Data shown Start Marker
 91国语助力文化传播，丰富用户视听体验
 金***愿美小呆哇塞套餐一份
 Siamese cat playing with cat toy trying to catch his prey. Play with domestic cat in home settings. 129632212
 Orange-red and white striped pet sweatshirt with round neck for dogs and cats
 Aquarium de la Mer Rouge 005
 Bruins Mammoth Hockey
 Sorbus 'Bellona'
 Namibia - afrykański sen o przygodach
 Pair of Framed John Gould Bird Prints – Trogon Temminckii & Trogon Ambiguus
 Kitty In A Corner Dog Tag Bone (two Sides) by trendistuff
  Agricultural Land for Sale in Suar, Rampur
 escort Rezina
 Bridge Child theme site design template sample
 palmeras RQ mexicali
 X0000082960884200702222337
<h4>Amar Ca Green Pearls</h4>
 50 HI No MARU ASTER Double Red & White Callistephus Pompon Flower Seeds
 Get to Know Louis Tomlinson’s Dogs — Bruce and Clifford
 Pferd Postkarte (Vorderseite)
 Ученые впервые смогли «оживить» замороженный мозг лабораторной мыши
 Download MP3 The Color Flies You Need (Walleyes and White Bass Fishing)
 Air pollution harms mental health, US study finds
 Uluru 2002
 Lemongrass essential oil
Data shown End Marker
Write out, please, only the lines from the one with "Download MP3 The" through the last line above, both included and unchanged.

 Download MP3 The Color Flies You Need (Walleyes and White Bass Fishing)
 Air pollution harms mental health, US study finds
 Uluru 2002
 Lemongrass essential oil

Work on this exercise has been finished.